Yirminci Yüzyıl trajedileri
Hepsi 19. yüzyılın ikinci yarısından 20. yüzyıla uzandı ve sonuçları korkunç oldu. Çarlık Rusyası Pan-Slavizmle Güneydoğu Avrupa’ya göz dikti. Büyük Bulgaristan-Sırbistan-Yunanistan hayalleri, sırasıyla 1912-13 Balkan Savaşlarına, 1914 Saraybosna suikastine ve dolayısıyla Birinci Dünya Savaşına, nihayet 1919-22 Küçük Asya macerası ve felâketine (mikrasiatiki katastrofi’ye) yol açtı. Enver’in Turancılığı 1914’te Sarıkamış’tan geçip 1922’de Tacikistan’da noktalandı. Naziler Pan-Germanizm mirasına dört elle sarıldı; Hitler Mart 1938 Anschluss’uyla Avusturya’yı, 29-30 Eylül 1938 Münih Anlaşması’yla Südetleri ve 1939’da bütün Çekoslovakya’yı yutar, 1 Eylül 1939’da da Polonya’ya saldırırken hep Avusturya veya Südet veya Polonya Almanlarını “kurtarma”yı kullandı.

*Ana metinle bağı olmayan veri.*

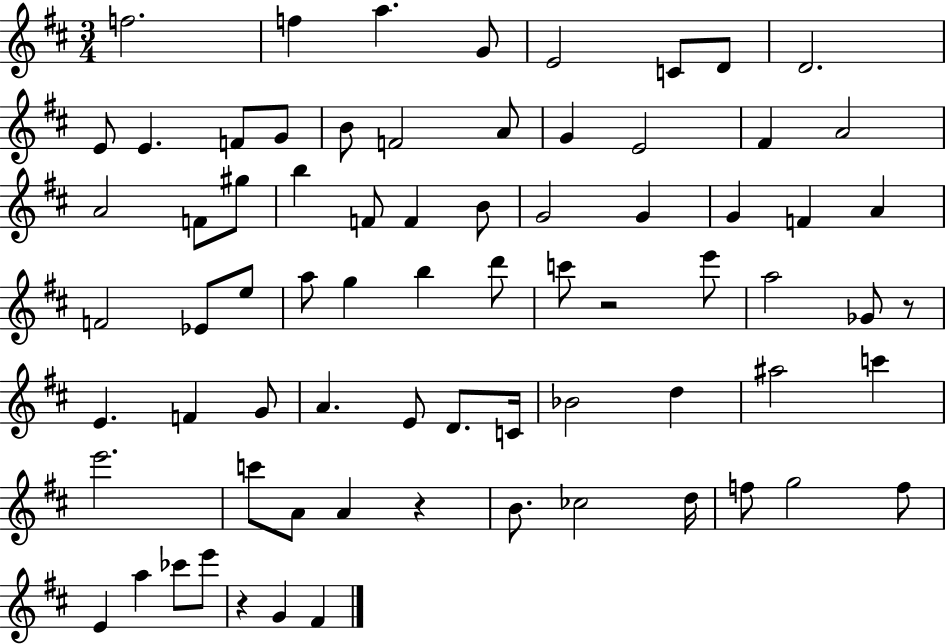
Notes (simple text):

F5/h. F5/q A5/q. G4/e E4/h C4/e D4/e D4/h. E4/e E4/q. F4/e G4/e B4/e F4/h A4/e G4/q E4/h F#4/q A4/h A4/h F4/e G#5/e B5/q F4/e F4/q B4/e G4/h G4/q G4/q F4/q A4/q F4/h Eb4/e E5/e A5/e G5/q B5/q D6/e C6/e R/h E6/e A5/h Gb4/e R/e E4/q. F4/q G4/e A4/q. E4/e D4/e. C4/s Bb4/h D5/q A#5/h C6/q E6/h. C6/e A4/e A4/q R/q B4/e. CES5/h D5/s F5/e G5/h F5/e E4/q A5/q CES6/e E6/e R/q G4/q F#4/q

Millî Mücadele ve sonrasında Mustafa Kemal, Sovyetler Birliği’yle dostluk uğruna İttihatçılığın Pan-Türkizm mirasını resmen reddetti ve meselâ Türk Ocaklarının faaliyet alanını Türkiye Türkleri ile sınırladı. Ama o zehirli tortu Hatay’ın ilhakında; Yunan megali idea’sının devamı olan enosis’çiliğe karşı Kıbrıs’ta (bkz Niyazi Kızılyürek’in çalışmaları): 1980’ler ve 90’larda Bosna ve Azerbaycan’da (bkz bu köşede Ulusalcılığın serhadleri, 24 Ekim 2009) yer yer satha çıkmaya devam etti. Yehova’nın “seçilmiş kavmi”ne vaat ettiği Eretz Yisrael (“İsrail diyarı”) tezine Siyonizm sarılıp, Filistinlilerin yaşam hakları pahasına kısmen gerçekleştirdi. Hafız Esad Büyük Suriye uğruna Lübnan’ın canına okudu. Saddam, Pan-Arabizm kısvesiyle Büyük Irak yaratayım derken bütün Ortadoğu’yu berhava etti.
Sol demokrat ve sosyalistler, Pan-Kürdizmi destekleyebilir mi
Tekrar ediyorum: Bırakalım, bir barış koşulu olmasını. Keza, hukuktan da söz etmiyoruz. Barış sonrasının orta vâdeli geleceğinde, Türkiye kökenli ve PKK’nın mirasını sürdüren bir Kürt milliyetçiliği,yasallaşmış olacak olan hakları çerçevesinde, KCK benzeri bir örgüt aracılığıyla, diğer üç ülkenin Kürtlerine yönelik yoğun bir “kısıtsız siyasî ilişkiler” (!) faaliyetine girerse...
Bunca tecrübeden sonra, Türkiye’nin sosyalist ve sol demokratlarının bu yeni Kürt irredantizmini desteklemesi mi yoksa reddetmesi, eleştirmesi, Türk ve Kürtlerin (veya Farsî ve Kürtlerin, Arap ve Kürtlerin, ilh) Türkiye (İran, Suriye, Irak) içinde eşit birlikteliklerini mi savunması gerekir?